Leave out every line before the one that contains "The Ebola virus". Please restate that line and the rest of the data word for word, through the end.

===

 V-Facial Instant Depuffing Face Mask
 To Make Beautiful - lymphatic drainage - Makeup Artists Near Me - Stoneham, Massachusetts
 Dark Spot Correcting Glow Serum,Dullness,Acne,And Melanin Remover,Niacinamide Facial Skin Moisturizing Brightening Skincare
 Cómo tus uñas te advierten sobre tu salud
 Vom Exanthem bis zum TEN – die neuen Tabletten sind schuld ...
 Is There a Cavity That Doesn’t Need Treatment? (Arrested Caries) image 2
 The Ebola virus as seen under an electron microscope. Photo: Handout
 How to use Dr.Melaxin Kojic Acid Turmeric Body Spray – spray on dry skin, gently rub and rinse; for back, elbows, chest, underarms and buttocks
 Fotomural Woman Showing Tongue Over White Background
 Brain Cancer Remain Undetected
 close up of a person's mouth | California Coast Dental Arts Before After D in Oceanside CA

===

_EXPECTED OUTPUT_
 The Ebola virus as seen under an electron microscope. Photo: Handout
 How to use Dr.Melaxin Kojic Acid Turmeric Body Spray – spray on dry skin, gently rub and rinse; for back, elbows, chest, underarms and buttocks
 Fotomural Woman Showing Tongue Over White Background
 Brain Cancer Remain Undetected
 close up of a person's mouth | California Coast Dental Arts Before After D in Oceanside CA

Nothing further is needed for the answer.